Das Problem dieses Frontalangriffs wider alle Nicht-Egozentrik ist allerdings die Frontalstellung selbst - der Kopf dient hier vor allem zum Stirn-Bieten. Seiner These nämlich geht Onfray in einer Art von Manifest nach, einer Tirade wider die unter anderem "talmudischen und dekonstruktiven Hanswurstiaden"; das ist eine Brandrede, der es an Stringenz mangelt, wo die Spannung sich als konstitutiv erweist, welche die Transzendenz kennzeichnet.

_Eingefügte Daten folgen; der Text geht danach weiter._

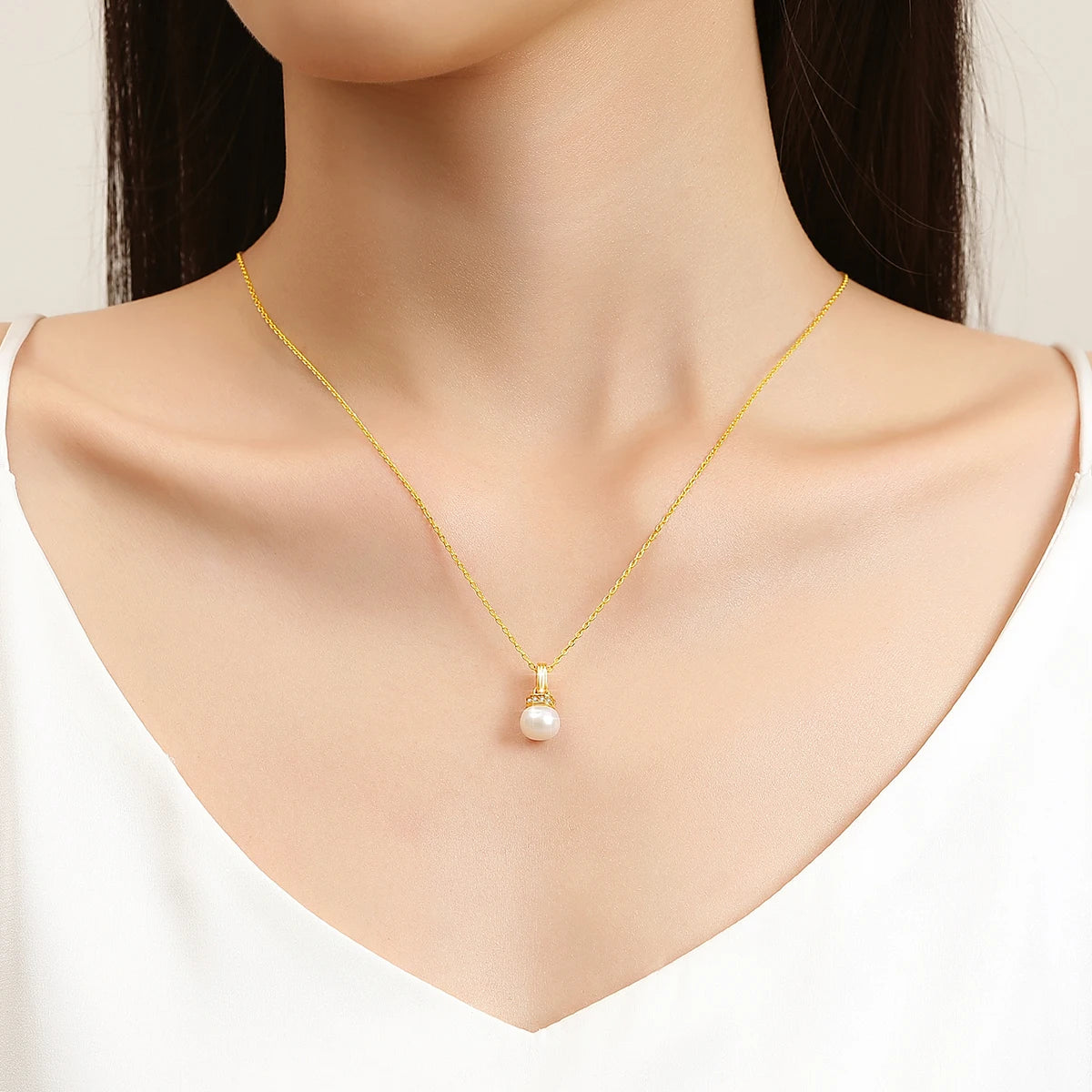 Real 18K Gold Natural Pearl Pendant Necklace with Certificate for Women Anniversary Gift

Denn auch wenn es stimmt, dass die Logiken, die Onfray verwirft, seit der Erbsünde Konzepte entwickeln, nach denen der Mensch Demut und Dummheit gelehrt wird, ist es nicht einzusehen, was die "Begierde nach intellektueller Autonomie" suche. Es müsste eine Verbindlichkeit sein, also eine Form von Gesetz, doch Onfray ist explizit Verächter "eines vom Gesetz besessenen Denkens". Oder es müsste eine Form des Denkens sein, die ihre Teilhabe am Sein begreift, was indes die metaphysischen Auslassungen Onfrays lächerlich erscheinen lässt: "Die männliche und weibliche Ejakulation beweist die Unmöglichkeit einer Liebesreligion und das Vorhandensein eines Atheismus in der Materie." Gott ist ein Trick der "Verkäufer des Gehorsams", so schließt der Autor - doch wessen Trick ist seine kaum weniger hanebüchene oder weniger dogmatische Position?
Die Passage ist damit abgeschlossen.